====== Input for this task ======

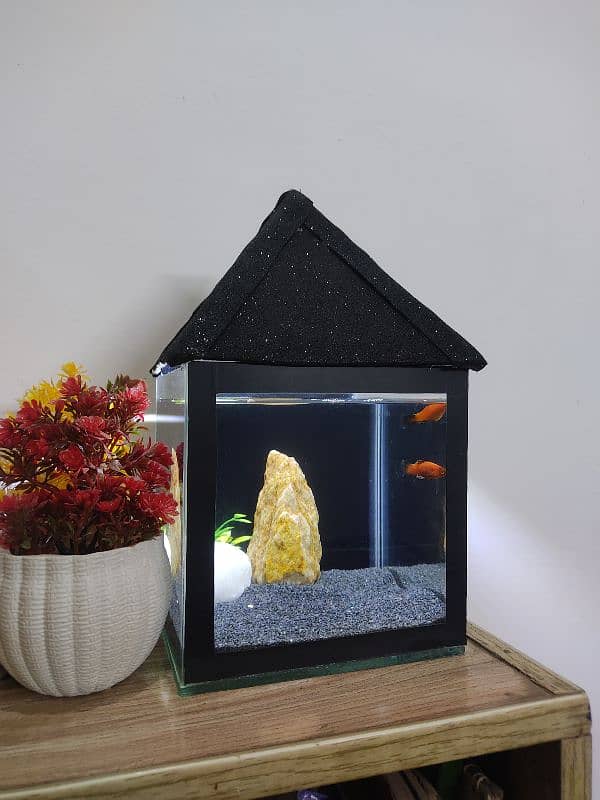 mini aquariam 3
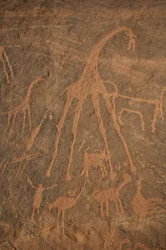 Art rupestre, Préhistoire : Gravure de girafes, autruches, moutons et personnages dans le massif de l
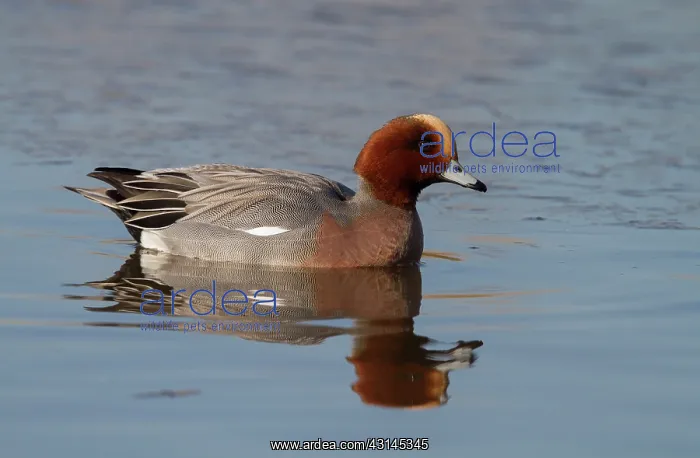 : Eurasian Wigeon : Eurasian Wigeon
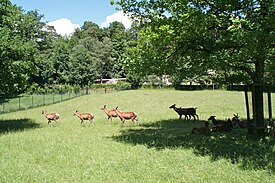 Park Dzikiej Przyrody Langenberg Hirsche.jpg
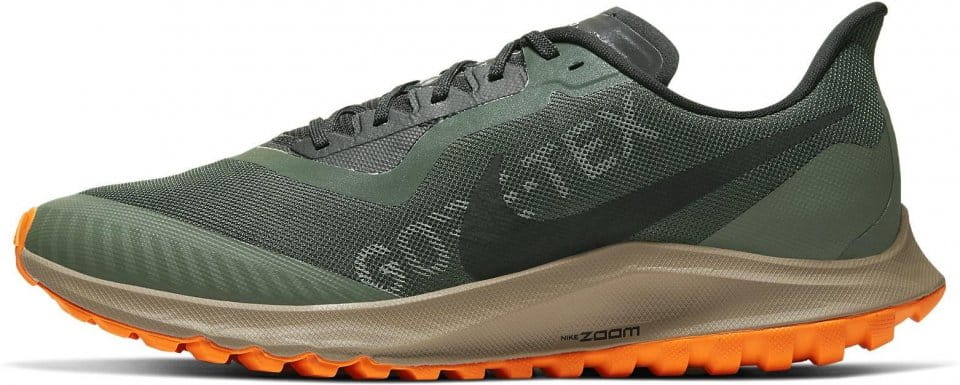 shoes Nike ZOOM PEGASUS 36 TRAIL GTX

======

Your assignment =
Extract the entries in full, exactly as they are, minus the pictures.

Answer space =
 mini aquariam 3
 Art rupestre, Préhistoire : Gravure de girafes, autruches, moutons et personnages dans le massif de l
 : Eurasian Wigeon : Eurasian Wigeon
 Park Dzikiej Przyrody Langenberg Hirsche.jpg
 shoes Nike ZOOM PEGASUS 36 TRAIL GTX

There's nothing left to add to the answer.